▸ Supplied records

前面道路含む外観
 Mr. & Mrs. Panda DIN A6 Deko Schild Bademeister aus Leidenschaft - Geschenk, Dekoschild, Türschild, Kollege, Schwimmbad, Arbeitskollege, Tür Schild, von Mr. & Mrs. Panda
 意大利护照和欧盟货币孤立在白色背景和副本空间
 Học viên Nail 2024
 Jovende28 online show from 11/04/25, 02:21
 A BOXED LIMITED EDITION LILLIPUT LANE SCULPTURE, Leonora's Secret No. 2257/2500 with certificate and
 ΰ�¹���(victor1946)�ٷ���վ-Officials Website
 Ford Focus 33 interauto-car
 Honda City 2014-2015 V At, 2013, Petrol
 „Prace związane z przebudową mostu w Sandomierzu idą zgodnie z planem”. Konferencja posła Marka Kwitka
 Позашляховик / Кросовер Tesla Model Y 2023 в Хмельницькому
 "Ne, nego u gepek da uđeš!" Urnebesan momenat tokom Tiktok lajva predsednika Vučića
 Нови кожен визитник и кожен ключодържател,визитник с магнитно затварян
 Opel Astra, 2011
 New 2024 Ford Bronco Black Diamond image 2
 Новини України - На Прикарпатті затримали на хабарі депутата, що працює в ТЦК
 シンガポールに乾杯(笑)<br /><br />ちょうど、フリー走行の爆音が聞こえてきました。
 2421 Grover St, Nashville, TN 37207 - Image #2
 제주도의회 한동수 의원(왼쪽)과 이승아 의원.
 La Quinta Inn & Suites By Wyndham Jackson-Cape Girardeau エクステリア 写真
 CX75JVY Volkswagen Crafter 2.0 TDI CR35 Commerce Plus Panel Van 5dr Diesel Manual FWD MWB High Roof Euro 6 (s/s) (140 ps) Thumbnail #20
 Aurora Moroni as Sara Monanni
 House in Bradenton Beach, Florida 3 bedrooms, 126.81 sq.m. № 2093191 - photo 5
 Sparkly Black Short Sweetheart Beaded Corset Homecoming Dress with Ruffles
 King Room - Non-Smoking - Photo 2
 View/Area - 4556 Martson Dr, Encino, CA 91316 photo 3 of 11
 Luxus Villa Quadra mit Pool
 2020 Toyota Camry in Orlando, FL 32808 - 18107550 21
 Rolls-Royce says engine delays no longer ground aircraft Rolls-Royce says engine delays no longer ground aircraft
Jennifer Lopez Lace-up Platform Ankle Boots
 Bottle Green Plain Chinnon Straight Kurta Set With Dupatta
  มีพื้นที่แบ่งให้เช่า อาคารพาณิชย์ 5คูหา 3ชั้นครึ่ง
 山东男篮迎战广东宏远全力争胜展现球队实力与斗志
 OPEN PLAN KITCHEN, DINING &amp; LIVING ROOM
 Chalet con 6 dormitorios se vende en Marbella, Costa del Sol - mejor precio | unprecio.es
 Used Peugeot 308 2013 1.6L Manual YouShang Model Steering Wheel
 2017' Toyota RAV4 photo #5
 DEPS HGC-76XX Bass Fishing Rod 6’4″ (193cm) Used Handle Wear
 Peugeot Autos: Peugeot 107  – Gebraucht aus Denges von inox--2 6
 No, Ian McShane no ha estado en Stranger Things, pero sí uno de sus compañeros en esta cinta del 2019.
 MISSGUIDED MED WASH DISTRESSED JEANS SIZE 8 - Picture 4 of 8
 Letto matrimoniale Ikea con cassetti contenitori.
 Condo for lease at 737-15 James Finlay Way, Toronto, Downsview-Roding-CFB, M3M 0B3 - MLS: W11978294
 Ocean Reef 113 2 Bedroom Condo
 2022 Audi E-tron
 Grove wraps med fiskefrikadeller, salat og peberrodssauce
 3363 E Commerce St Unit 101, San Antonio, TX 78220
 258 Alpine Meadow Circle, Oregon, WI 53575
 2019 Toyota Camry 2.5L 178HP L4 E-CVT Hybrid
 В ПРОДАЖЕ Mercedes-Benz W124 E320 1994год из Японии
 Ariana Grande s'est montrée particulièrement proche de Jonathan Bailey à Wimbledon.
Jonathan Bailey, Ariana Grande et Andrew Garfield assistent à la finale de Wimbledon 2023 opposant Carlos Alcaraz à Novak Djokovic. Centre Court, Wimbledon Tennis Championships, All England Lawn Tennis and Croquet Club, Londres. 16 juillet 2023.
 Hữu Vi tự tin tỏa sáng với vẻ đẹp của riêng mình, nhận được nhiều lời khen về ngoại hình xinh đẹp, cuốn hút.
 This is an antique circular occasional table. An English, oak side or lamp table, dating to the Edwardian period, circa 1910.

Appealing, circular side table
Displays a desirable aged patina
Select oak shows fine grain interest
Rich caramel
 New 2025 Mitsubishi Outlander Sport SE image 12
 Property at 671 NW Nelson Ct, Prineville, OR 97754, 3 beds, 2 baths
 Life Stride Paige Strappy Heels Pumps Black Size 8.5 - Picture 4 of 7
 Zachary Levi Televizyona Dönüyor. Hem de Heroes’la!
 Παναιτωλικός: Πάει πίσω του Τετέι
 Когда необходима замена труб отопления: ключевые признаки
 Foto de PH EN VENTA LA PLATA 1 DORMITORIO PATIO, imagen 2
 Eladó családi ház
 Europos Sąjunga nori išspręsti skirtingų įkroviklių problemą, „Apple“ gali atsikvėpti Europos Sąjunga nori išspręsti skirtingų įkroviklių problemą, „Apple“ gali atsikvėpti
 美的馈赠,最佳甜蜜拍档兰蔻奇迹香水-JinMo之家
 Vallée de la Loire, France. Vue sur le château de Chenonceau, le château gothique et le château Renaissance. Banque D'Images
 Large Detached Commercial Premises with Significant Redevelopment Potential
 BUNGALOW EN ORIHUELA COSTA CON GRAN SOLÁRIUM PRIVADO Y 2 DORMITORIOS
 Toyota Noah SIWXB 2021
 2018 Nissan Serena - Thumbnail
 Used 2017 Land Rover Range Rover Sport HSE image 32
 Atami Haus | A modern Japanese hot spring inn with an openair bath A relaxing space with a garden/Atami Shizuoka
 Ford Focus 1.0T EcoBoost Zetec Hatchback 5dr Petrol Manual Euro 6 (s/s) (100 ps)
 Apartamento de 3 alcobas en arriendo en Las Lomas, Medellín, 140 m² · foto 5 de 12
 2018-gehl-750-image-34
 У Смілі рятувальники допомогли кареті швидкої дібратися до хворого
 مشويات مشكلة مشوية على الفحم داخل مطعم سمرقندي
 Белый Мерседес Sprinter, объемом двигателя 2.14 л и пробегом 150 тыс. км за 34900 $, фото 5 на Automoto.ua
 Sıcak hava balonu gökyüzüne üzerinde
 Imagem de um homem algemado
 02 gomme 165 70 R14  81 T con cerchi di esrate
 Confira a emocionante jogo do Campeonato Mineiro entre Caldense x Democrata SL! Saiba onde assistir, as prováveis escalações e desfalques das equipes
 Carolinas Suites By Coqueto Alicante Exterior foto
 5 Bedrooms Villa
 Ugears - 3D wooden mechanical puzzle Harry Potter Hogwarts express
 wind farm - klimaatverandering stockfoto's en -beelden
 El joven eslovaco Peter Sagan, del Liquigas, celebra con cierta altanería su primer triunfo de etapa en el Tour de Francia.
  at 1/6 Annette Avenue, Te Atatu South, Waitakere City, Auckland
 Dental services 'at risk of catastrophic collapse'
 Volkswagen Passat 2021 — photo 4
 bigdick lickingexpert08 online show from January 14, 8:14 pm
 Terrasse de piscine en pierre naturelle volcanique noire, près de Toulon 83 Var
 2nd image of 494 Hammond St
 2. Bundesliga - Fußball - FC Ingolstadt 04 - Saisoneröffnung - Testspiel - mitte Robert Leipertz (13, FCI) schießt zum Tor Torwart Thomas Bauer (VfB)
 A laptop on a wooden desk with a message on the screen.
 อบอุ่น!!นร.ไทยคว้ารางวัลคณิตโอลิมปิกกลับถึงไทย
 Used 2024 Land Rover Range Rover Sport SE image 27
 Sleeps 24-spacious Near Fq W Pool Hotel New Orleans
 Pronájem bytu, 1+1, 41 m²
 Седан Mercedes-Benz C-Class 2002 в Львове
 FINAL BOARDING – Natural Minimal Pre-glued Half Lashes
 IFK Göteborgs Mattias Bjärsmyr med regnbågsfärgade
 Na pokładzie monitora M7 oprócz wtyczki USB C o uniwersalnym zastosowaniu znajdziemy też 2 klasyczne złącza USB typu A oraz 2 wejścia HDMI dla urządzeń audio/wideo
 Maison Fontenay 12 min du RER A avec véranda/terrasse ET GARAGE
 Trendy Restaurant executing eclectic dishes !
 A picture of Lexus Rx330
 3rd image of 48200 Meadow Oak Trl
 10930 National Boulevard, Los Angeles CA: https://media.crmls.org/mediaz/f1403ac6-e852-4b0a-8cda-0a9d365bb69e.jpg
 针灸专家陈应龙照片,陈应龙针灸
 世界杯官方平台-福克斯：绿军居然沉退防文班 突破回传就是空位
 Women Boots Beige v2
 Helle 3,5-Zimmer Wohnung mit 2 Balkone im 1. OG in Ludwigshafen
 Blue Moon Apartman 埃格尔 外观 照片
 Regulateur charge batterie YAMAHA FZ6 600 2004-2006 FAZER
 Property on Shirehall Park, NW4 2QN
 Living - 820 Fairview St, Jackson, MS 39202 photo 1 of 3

▸ What needs to be done
Given the data above, which lines hold the string "circular"? Return them.

▸ Output for this exercise
 This is an antique circular occasional table. An English, oak side or lamp table, dating to the Edwardian period, circa 1910.
Appealing, circular side table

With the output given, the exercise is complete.